Pour ce match, Robert-Guérin ne veut pas s’associer à la SEFA, ni à Wood, il veut traiter de fédération à fédération, et affermir encore son pouvoir. Puisque l’USFSA ne peut ni surtout ne veut financer ce match, Robert-Guérin se tourne vers son ami Louis Muhlinghaus, secrétaire de la fédération belge et du Racing Club de Bruxelles, propriéraire de son terrain à Uccle et qui met gracieusement à disposition le stade du Vivier d’Oie. Muhlinghaus trouve également un sponsor, le patron des charbonnages belges Evence Coppée, qui offre un trophée, et le tour est joué !
Pour choisir les joueurs, Robert-Guérin se passe aussi de Wood, mais valide ses choix antérieurs, à la différence près qu’il ne peut compter sur les Nordistes, qui préfèrent se concentrer sur leur championnat régional ! Il doit également gérer des forfaits de dernière minute, rafistoler l’équipe, mais elle apparaît si diminuée que, comme le dit Weber, au moment du départ en train de Paris le moral est bas et « l’espoir n’est guère grand ».
Equipe de France cherche ailier gauche, faire offre
La troupe part quasiment résignée à la défaite, d’autant qu’elle n’a même pas d’ailier gauche ; en désespoir de cause, Robert-Guérin a fait appel à son ami Léon Jourdain. Ce dernier s’engage à accompagner lui-même en train de Lille à Bruxelles l’ailier tourquennois Adrien Filez, qui a bien voulu accepter de jouer, et que personne à Paris ne connaît, ni ses futurs coéquipiers, ni Weber lui-même.
Et pourtant cette équipe faite de bric et de broc conquiert un match nul (3-3), perçu côté français comme une victoire, et côté belge comme un échec. Que s’est-il passé ? Robert-Guérin nous l’explique dans son article de La Presse du 4 mai 1904, en soulignant la « fougue » des Français. D’où provient une telle ardeur, pour une troupe fatiguée par un voyage de nuit en 3ème classe sur les banquettes en bois du train, qui a à peine eu le temps d’avaler une collation au buffet de la gare de Bruxelles, avant de s’engouffrer dans des fiacres la menant à Uccle ?
Robert-Guérin ne le dit pas, mais on le devine : c’est lui, aidé d’Ernest Weber, qui a regonflé le moral des joueurs, qui leur a insufflé le désir de sauver l’honneur national, car « nous avons, en effet, à défendre nos couleurs », disait-il dans un précédent article. La préparation morale a toujours joué un rôle primordial dans les victoires improbables ; en clair, les Français étaient moins talentueux et en moins bonne forme physique que les Belges trop sûrs d’eux, mais ils en voulaient plus, et ceci compense souvent cela, en football.

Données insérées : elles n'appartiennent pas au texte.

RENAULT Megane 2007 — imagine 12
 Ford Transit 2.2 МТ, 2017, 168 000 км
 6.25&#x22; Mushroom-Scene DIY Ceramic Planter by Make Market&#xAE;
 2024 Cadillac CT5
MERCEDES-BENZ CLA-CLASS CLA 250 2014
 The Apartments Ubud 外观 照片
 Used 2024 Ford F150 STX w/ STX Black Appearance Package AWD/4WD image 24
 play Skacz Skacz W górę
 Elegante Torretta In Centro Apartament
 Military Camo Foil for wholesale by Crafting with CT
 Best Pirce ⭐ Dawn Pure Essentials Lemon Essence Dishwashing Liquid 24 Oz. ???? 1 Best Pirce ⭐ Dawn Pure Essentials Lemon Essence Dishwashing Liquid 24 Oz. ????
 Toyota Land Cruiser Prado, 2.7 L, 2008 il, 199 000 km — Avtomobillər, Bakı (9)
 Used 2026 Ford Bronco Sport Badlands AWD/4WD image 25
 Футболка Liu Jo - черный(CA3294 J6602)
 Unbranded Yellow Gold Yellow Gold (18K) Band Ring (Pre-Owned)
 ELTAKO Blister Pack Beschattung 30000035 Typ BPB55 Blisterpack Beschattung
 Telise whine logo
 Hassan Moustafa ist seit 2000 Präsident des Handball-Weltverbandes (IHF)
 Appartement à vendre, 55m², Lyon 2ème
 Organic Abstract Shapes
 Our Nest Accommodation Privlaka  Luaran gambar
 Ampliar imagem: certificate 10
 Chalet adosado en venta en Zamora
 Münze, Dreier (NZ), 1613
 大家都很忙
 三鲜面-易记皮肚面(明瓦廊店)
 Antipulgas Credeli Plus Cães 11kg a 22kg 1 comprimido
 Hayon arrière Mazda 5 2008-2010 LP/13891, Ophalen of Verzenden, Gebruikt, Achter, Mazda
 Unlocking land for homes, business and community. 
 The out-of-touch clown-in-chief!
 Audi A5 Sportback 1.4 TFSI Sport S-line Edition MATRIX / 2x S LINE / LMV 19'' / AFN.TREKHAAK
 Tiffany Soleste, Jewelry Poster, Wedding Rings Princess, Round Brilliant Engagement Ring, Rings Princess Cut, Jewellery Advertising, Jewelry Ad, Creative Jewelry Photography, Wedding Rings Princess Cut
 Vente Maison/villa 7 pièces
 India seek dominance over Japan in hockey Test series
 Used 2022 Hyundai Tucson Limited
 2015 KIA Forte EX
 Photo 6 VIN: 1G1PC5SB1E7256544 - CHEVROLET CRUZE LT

Robert-Guérin, coach à l’anglaise au bord du terrain
Cette fougue, Robert-Guérin l’illustre quand il parle de Verlet , notoirement faible techniquement, coutumier des « toiles » les plus lamentables, et aussi des frères Bilot, très limités, mais qui, aux ailes de la ligne de demis, défendirent avec acharnement et bloquèrent les ailiers belges. Par ailleurs, Robert-Guérin qui pour la première fois coachait l’équipe (dont il se proclama par la suite manager à l’anglaise) du bord du terrain, comprit l’importance de la cohésion née de l’habitude de jouer ensemble, en soulignant les combinaisons des attaquants et en admirant leur logique, tout en constatant que le dernier arrivé, Filez, faute de cette habitude, restait isolé et quasi inutile.
Une équipe nationale ne doit pas être une collection d’individualités, renouvelée à chaque match, mais doit fonctionner comme un club , avec les mêmes joueurs s’ils sont bons. Robert-Guérin saura s’en souvenir en 1905 quand il accueillera les Suisses pour le second match de l’équipe de France, le premier à domicile : il choisira de se passer des nordistes , les Sartorius, François, Dubly ou Renaux, qui avaient dédaigné l’équipe nationale, et gardera 9 mois plus tard les joueurs de Bruxelles, tout en récupérant ceux dont les forfaits avaient été involontaires (blessure régiment), comme Allemane et Wilkes, et maintiendra Filez, par gratitude. Et il aura raison : la France gagnera 1-0 !
On voit donc tout l’intérêt que repésente cet article oublié d’OFF-SIDE.